This is your ultimate guide to all beaches in Malta. Beautiful sandy and rocky beaches as well as those hidden gems that only locals enjoy. Your best guide to finding the best beach that suits your taste for your next glorious Malta trip.
The length of the Maltese shoreline is 136.8 km and I hiked a big part of it in order to prepare this guide. Not in one day, of course, but I visited, on foot, many hidden corners of this country and created this list of all the beaches in Malta for you.
I have lived in Malta for a little over 2 years and I was determined to discover all the hidden gems that this island has to offer. What can I say? I really enjoyed this challenge!
Note: This guide covers only the beaches of the main island of Malta. For a detailed guide to Gozo and its equally (if not more) stunning coastline, please visit my Gozo guide.
Malta, an archipelago country located in the Central Mediterranean, consists of three inhabited islands and is abundantly full of wonderful beaches and coastal walks.
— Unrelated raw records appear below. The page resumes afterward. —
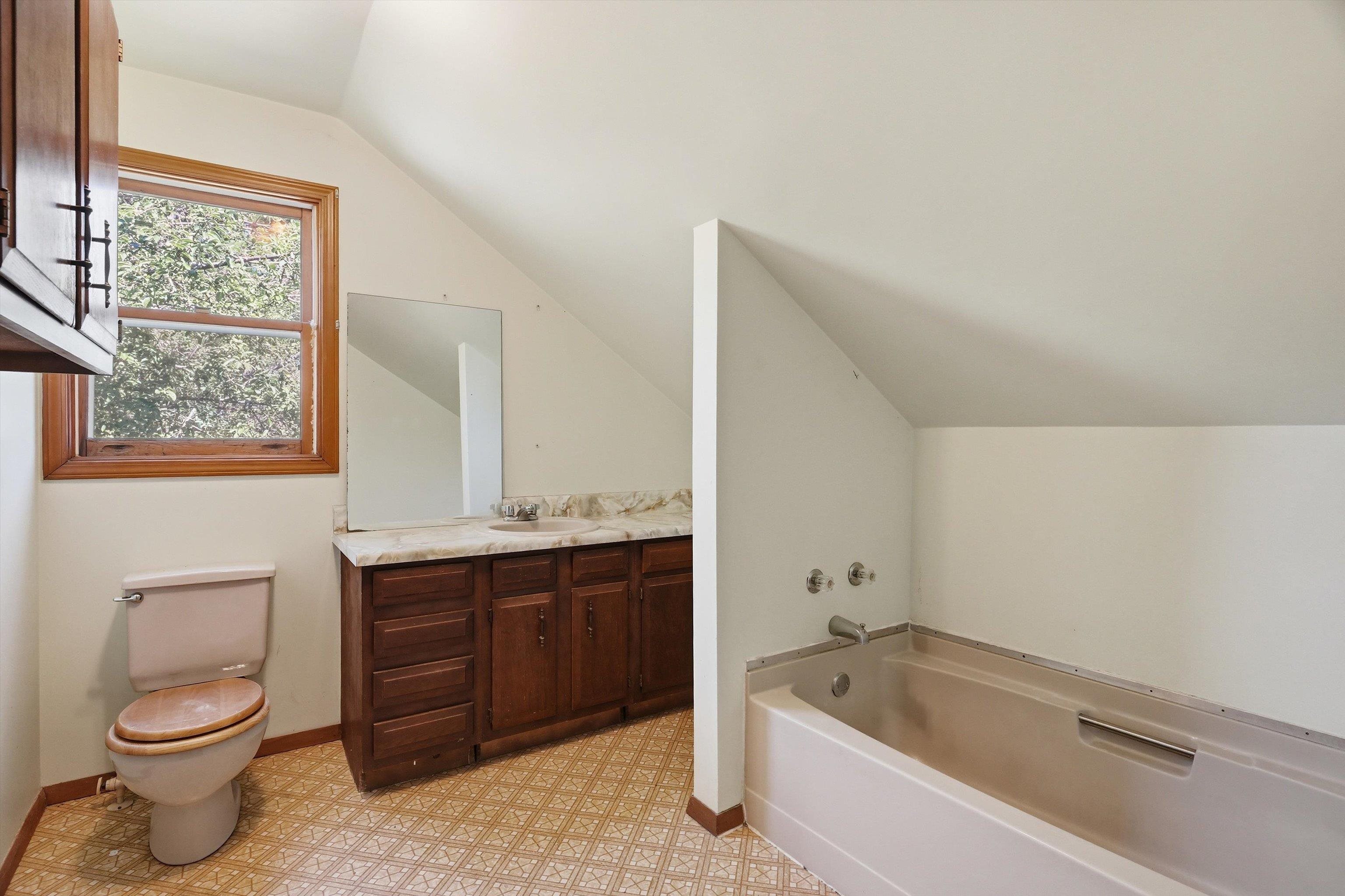 400 N VINE AVENUE, Marshfield, Wisconsin 54449, 4 Bedrooms Bedrooms, ,1 BathroomBathrooms,Residential,For Sale,400 N VINE AVENUE,22602925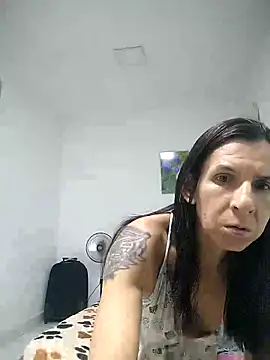 Snapshot of Cameron_puppy chatting on June 19, 2026, 6:23 pm Cameron puppy online show from June 19, 2026, 6:23 pm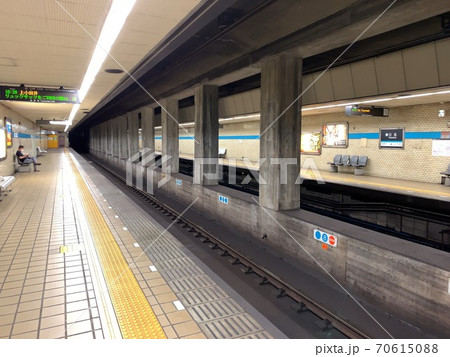 名古屋市川名駅の構内 名古屋市川名駅の構内 70615088
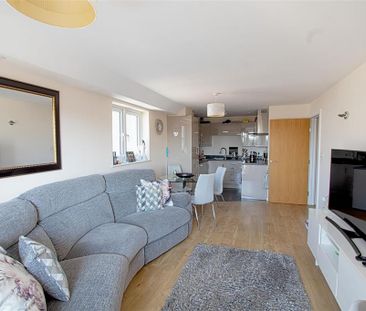 2 bedroom apartment to rent - Photo 2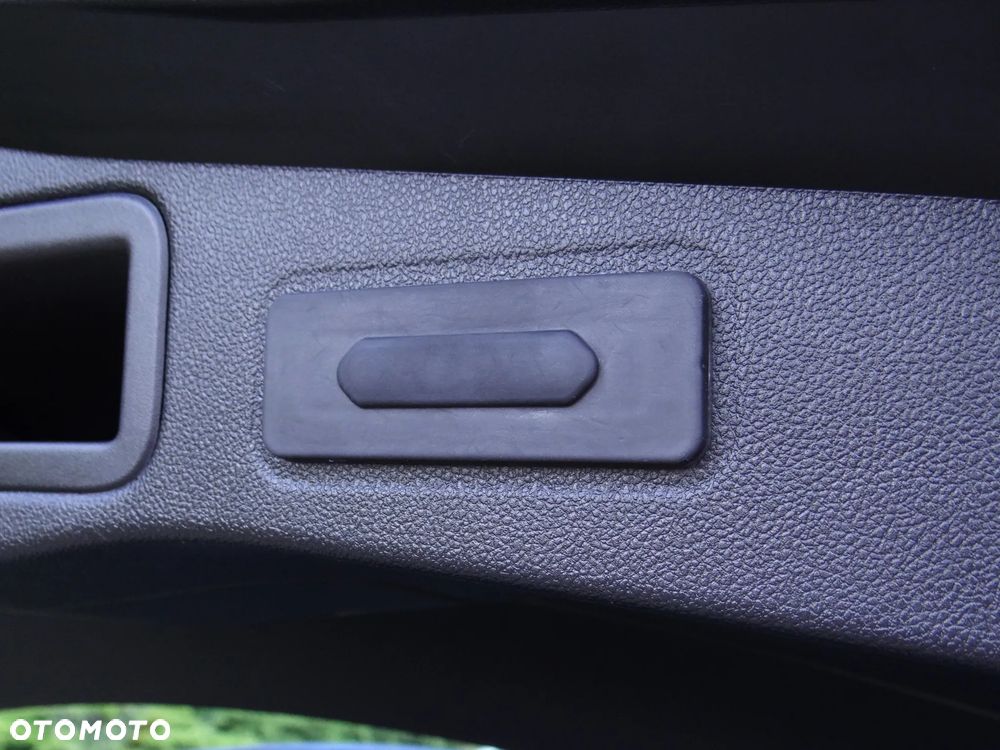 Renault Talisman Grandtour ENERGY dCi 160 EDC INTENS - 32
Due to its warm Mediterranean climate, the waters are gloriously warm and you can dip in the sea as early as April (even though some locals would think you are completely crazy if you did so).
Tourists visiting Malta are spoilt for choice when it comes to sightseeing and entertainment, but possibly the beaches here are some of the most spectacular and often unusual.
Beaches in Malta are both sandy and rocky. And although the sandy beaches are most popular and conventional, I personally think the rocky lidos are far more charming and picturesque, with the sea often being much cleaner.
In Malta, there is a beach for everyone: large sandy beaches ideal for lazing all day and enjoying water sports, crystal blue lagoons, rocky lidos ideal for snorkelling and adventurous hidden beaches and bays.
So, without further ado, let’s begin!
Mellieha Bay (Għadira beach)
Located on the outskirts of Mellieħa, Għadira beach is the largest and probably most popular beach in Malta.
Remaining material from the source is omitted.